▶ **Task description**: From the records below, copy out exactly the lines from the one containing "René lalique (1860-1945)" to the one containing "Skull panda 16mm (10pcs)", both included. Add nothing else.

▶ **Data excerpts**:
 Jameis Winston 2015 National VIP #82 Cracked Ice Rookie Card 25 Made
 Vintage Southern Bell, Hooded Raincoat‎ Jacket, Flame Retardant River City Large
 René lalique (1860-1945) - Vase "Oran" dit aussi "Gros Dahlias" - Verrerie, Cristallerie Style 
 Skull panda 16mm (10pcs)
* * *
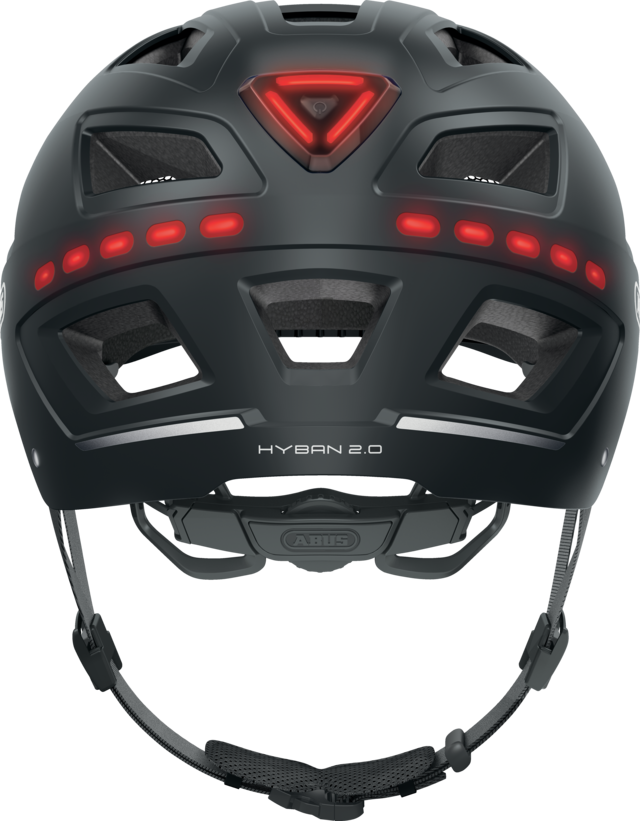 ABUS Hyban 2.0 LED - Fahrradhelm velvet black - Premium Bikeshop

▶ **Answer section**:
 René lalique (1860-1945) - Vase "Oran" dit aussi "Gros Dahlias" - Verrerie, Cristallerie Style 
 Skull panda 16mm (10pcs)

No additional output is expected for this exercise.